As a result, we have a pessimistic bound of $$$O(n^2 \log n)$$$ for a search.

Another redundancy: DAG suffix compression

Property 3: If we have two different tokens in the same trie node, but their associated DAG nodes’ subtrees are identical, it is useless to propagate the second token anymore. We should only propagate the first one, and count twice any finding that it will have.

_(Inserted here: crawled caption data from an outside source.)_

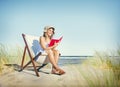 Woman Reading Book at Beach Relaxation Concept Royalty Free Stock Photo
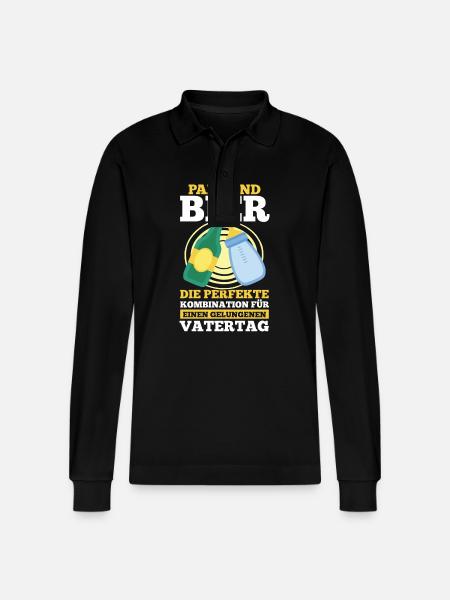 Dad Beer Father Father's Day - Stanley/Stella Organic Unisex Long-Sleeved Polo Shirt Prepster - black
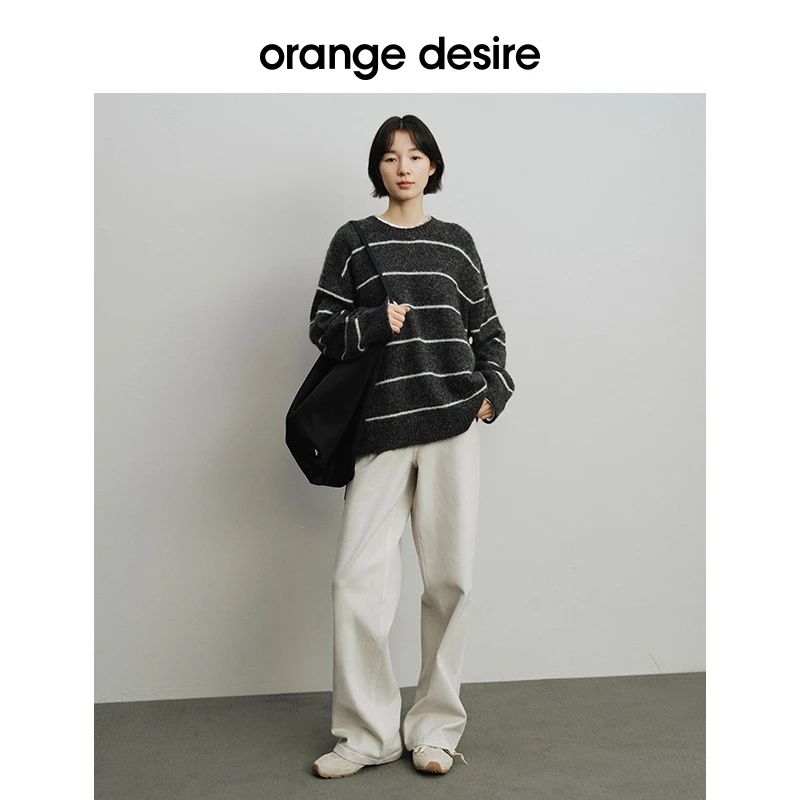 orange desire【雅丹风】慵懒落肩条纹圆领毛衣圆领宽松OD2DWKZP004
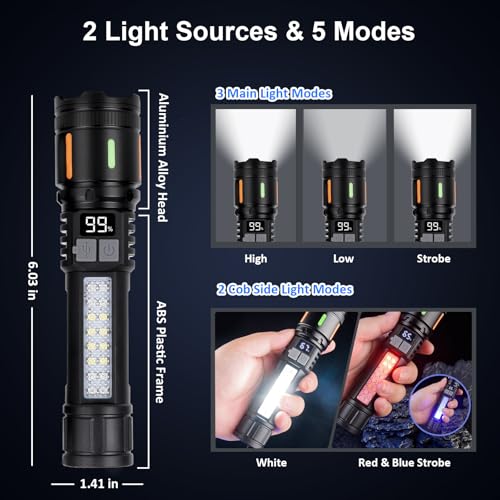Flashlights High Lumens Rechargeable 3 Packs, 900,000L Led Flashlight Battery Powered with 5 Light Modes, Side Light, USB C, Zoomable, Blue & Red Strobe, Handheld Flash Lights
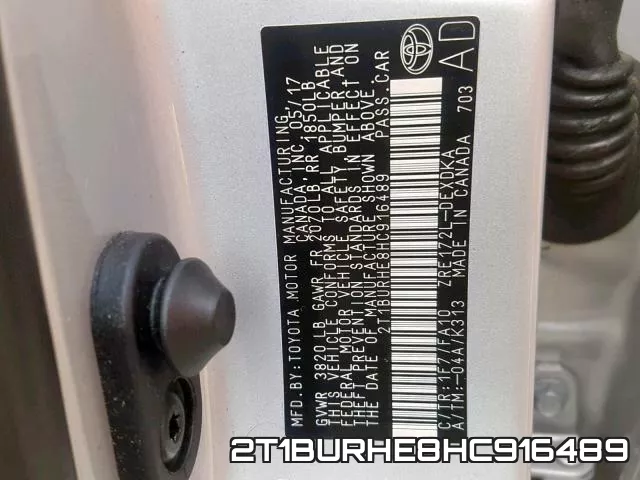 2T1BURHE8HC916489 фото 2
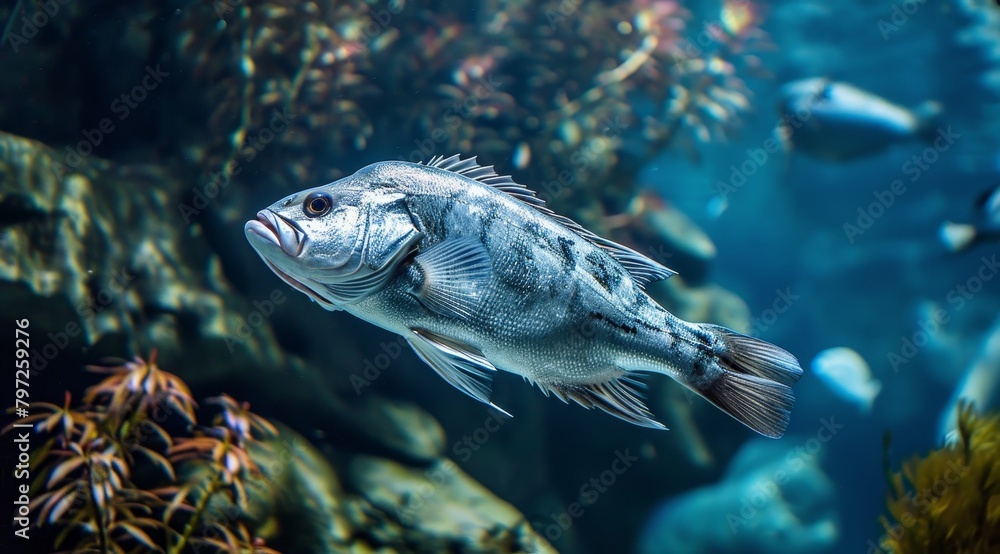 Tropical Fish Swimming in Blue Aquarium Water Tropical Fish Swimming in Blue Aquarium Water
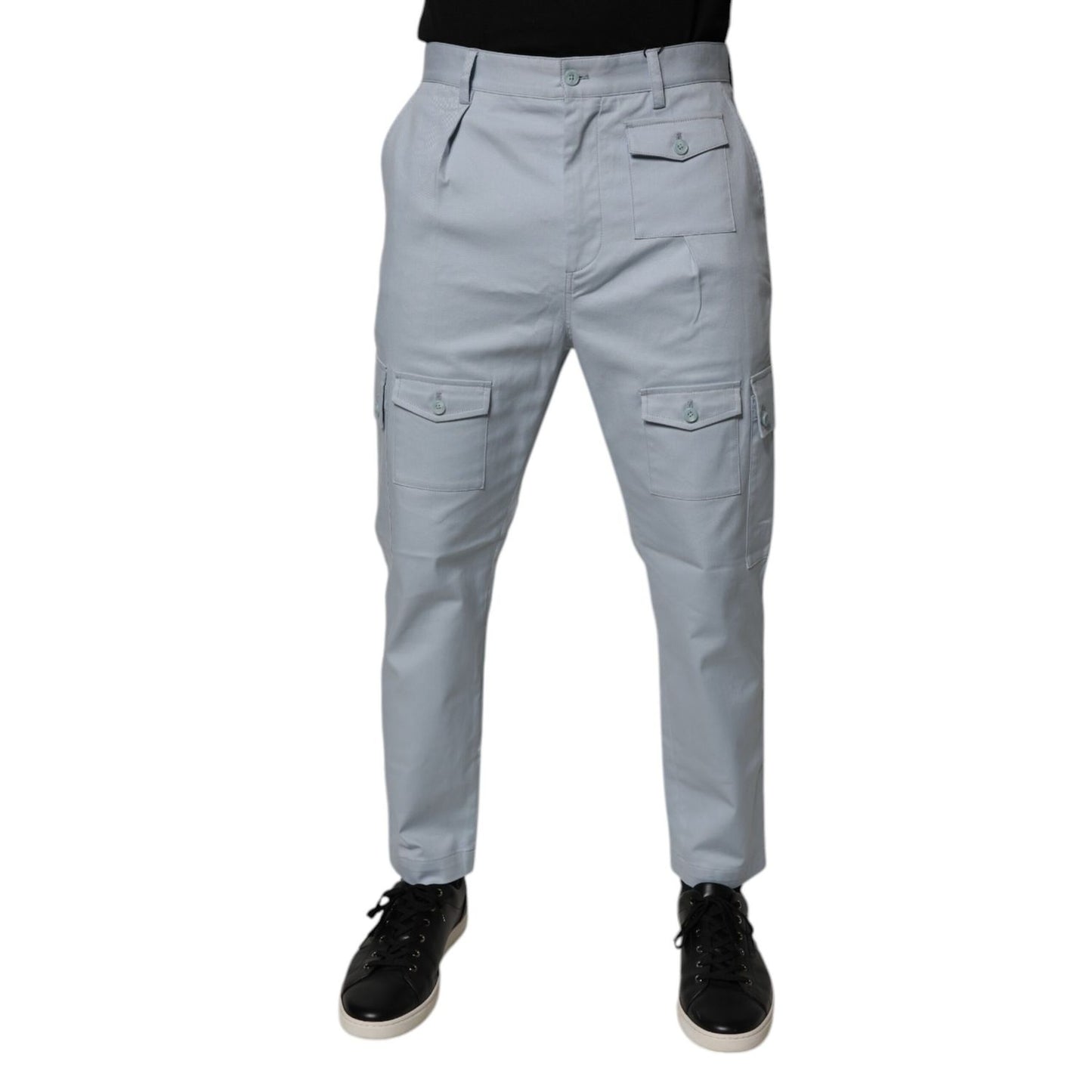 Dolce & Gabbana Light Blue Cotton Cargo Tapered Pants
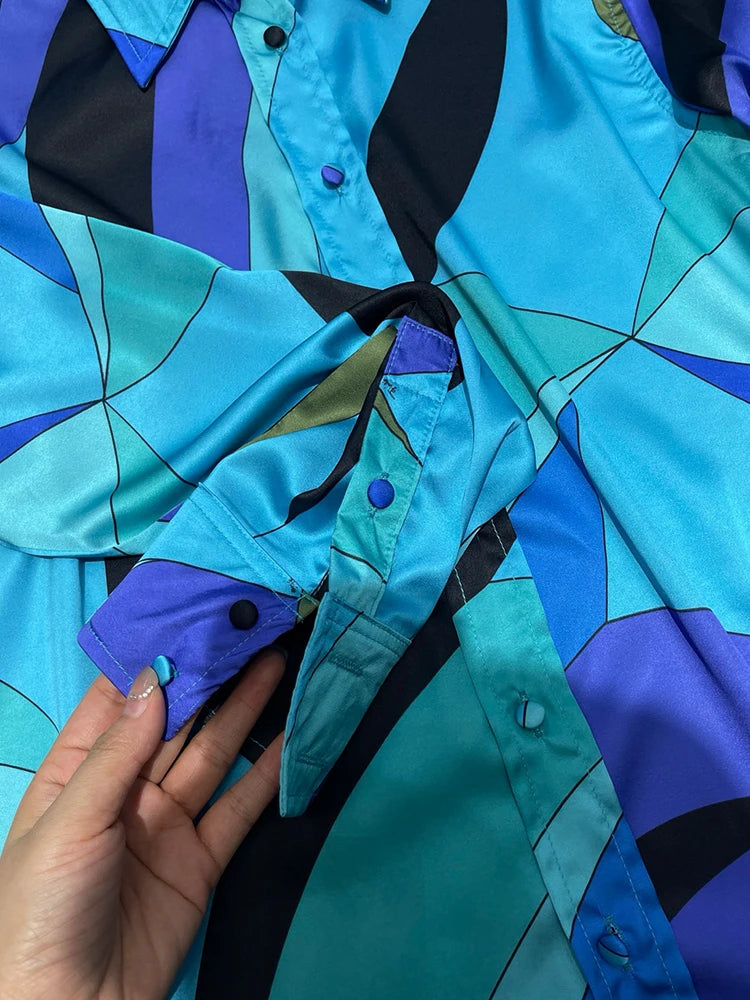 Retro geometric print lapel straight tube silk shirt two-piece set 2026 autumn women's clothing+loose wide leg pants fashion set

Proof 3: If we don’t merge the tokens that respect the condition, their children will always coexist in any subsequent trie nodes: if one gets propagated, the other will as well, or none get propagated. We can apply this recursively to cover the entire DAG subtree. $$$\square$$$

Intuitively, we can consider two tokens to be the same if they share the present and their future cannot be different, no matter their past.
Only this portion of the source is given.